### Record extracts
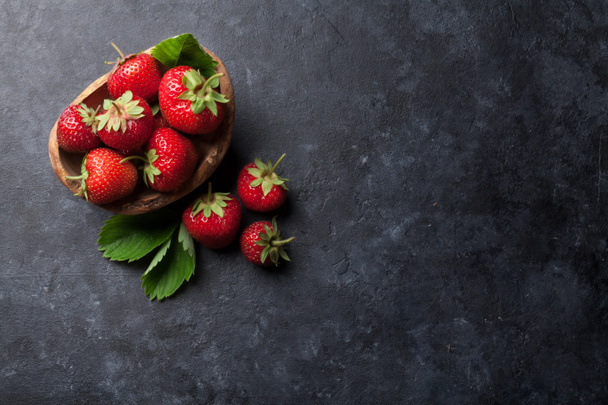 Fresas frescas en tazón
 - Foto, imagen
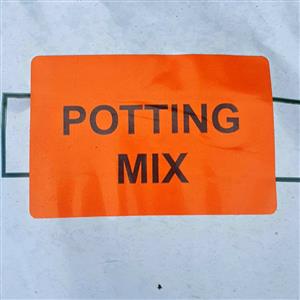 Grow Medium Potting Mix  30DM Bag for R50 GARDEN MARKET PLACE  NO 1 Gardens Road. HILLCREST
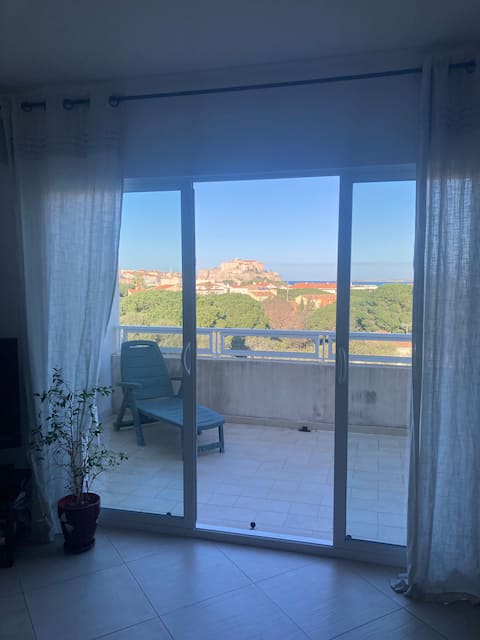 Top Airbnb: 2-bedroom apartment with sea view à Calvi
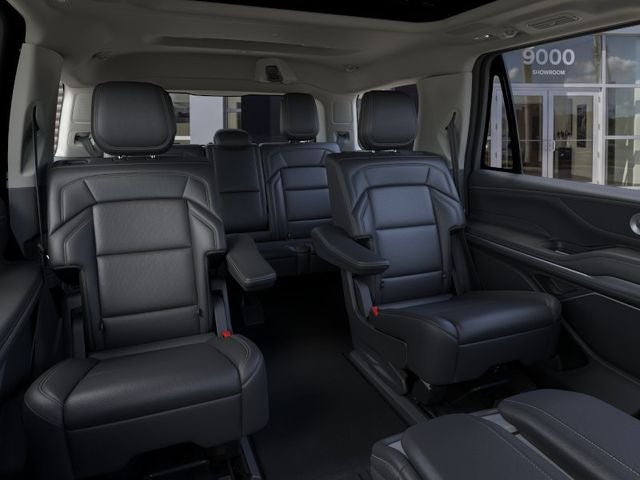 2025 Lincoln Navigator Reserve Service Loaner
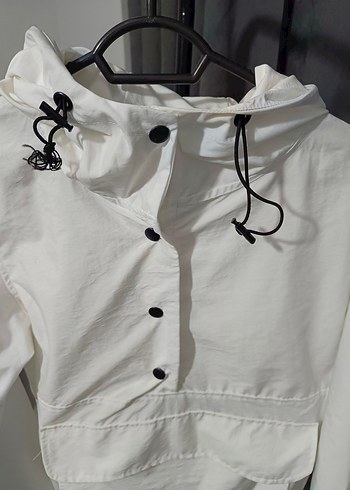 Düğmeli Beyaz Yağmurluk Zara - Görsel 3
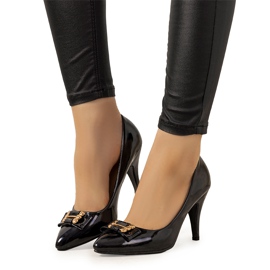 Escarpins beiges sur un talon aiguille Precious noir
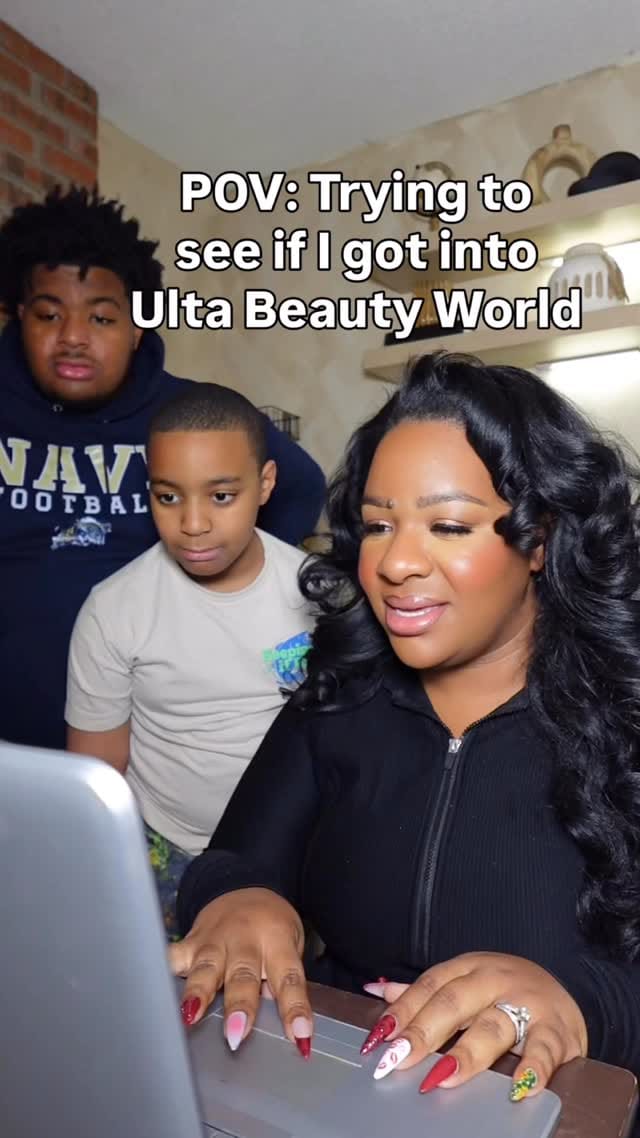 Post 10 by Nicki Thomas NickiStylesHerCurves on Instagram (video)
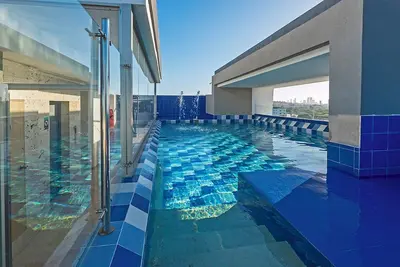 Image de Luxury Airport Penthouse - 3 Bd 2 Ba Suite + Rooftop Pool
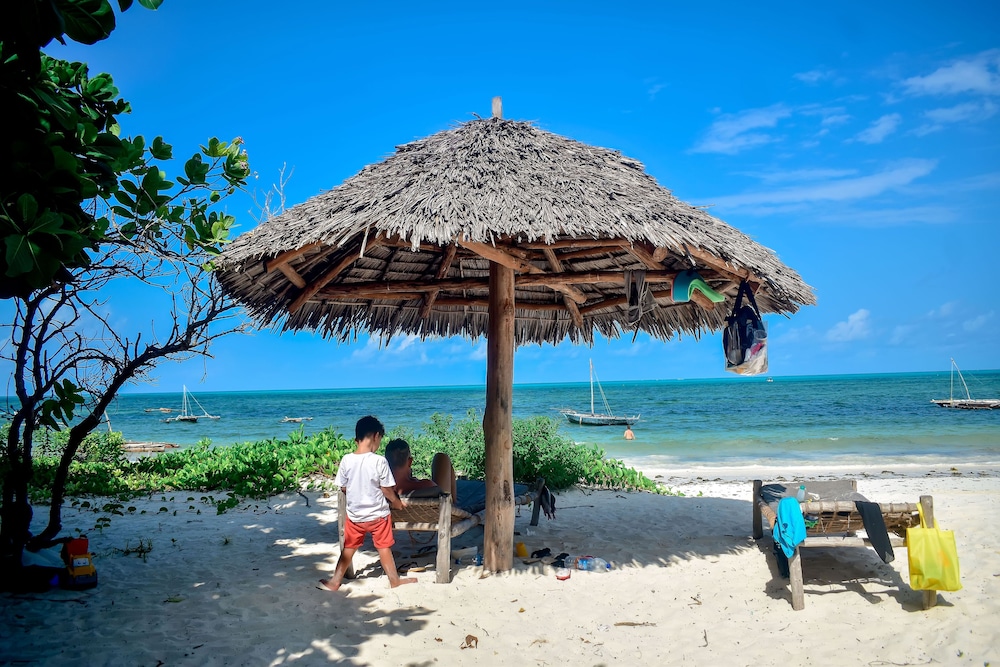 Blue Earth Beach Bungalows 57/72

### What to do
After dropping the pictures, please set down the lines from the beginning of the listing through the line containing "Escarpins beiges sur", both included, exactly as they stand.

### Task answer
 Fresas frescas en tazón
 - Foto, imagen
 Grow Medium Potting Mix  30DM Bag for R50 GARDEN MARKET PLACE  NO 1 Gardens Road. HILLCREST
 Top Airbnb: 2-bedroom apartment with sea view à Calvi
 2025 Lincoln Navigator Reserve Service Loaner
 Düğmeli Beyaz Yağmurluk Zara - Görsel 3
 Escarpins beiges sur un talon aiguille Precious noir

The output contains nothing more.